On 6 Dec, 03:30, rigs <rigs...@gmail.com> wrote:
> Not sure I can agree as it depends on whether you and your culture are
> rational. Without "right reason" there is less/no chance of morality
> or wisdom. One can call something a word that is essentially false but
> taken as truth/goodness.
>
> On Dec 5, 9:19 pm, James <ashkas...@gmail.com> wrote:
>
>
>
>
>
>
>
> > I could reference the plot of Enemy Mine but that would only prove two
> > things: my memory is junk, and I'm too trapped in that trivia world Neil
> > mentions. In my view morality resides among human faculties, perhaps
> > next to wisdom.

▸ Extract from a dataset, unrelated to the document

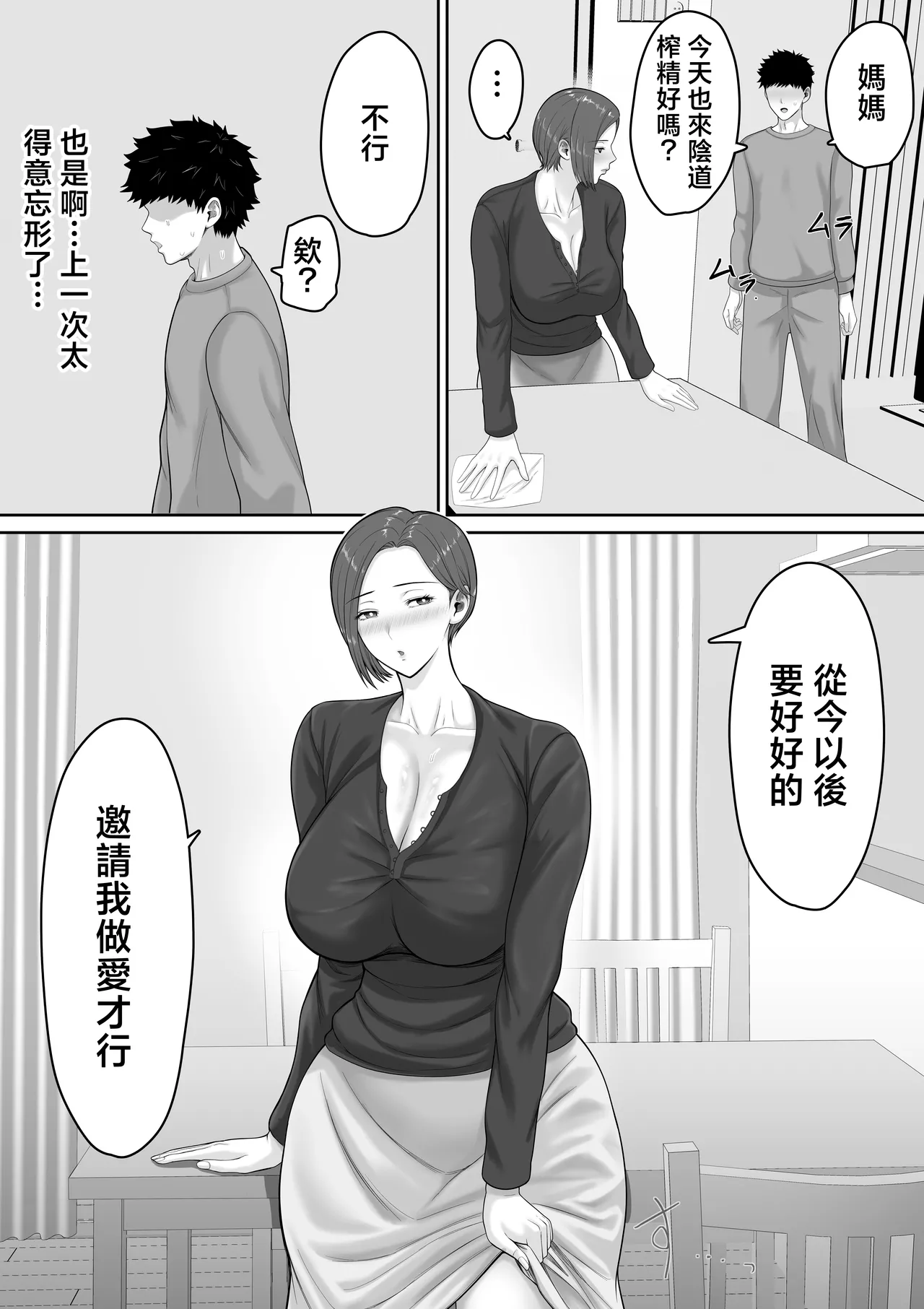 หน้า 52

Parallel worlds makes me think of perception trained on
> > divergent and sometimes conflicting narratives, that's just a notion
> > that passed me the other day.
>
> > Now I'm pondering why I sound like an antimonian but think like Jude. :/
>
> > On 12/5/2012 5:49 PM, gabbydott wrote:
>
> > > Oh yes, please, explain the mouse matrix to Neil! :)
>
> > > 2012/12/5 Allan H <allanh1...@gmail.com <mailto:allanh1...@gmail.com>>
>
> > >     Neil even science today is a best guess, as you put it an M Mouse
> > >     the theory of physics is based off an assumption  .. and that
> > >     assumption is so widely accepted as being true  that you no longer
> > >     realize it is an best guess..
>
> > >     Without that best guess you are playing with m mouse.  I am laughing
> > >     as I am wondering if you even know that basic assumption.
> > >     Allan
>
> > >     Matrix  **  th3 beginning light
>
> > >     On Dec 5, 2012 9:58 AM, "archytas" <nwte...@gmail.com
> > >     <mailto:nwte...@gmail.com>> wrote:
>
> > >         On he unlikeliness of a beginning see Susskind -
> > >        http://arxiv.org/pdf/1204.5385v1.pdf
> > >         - it's free.  There's a 'sort of' answer to your 'centre'
> > >         question in
> > >         it James - sadly not starring M.Mouse so you and I can grasp it.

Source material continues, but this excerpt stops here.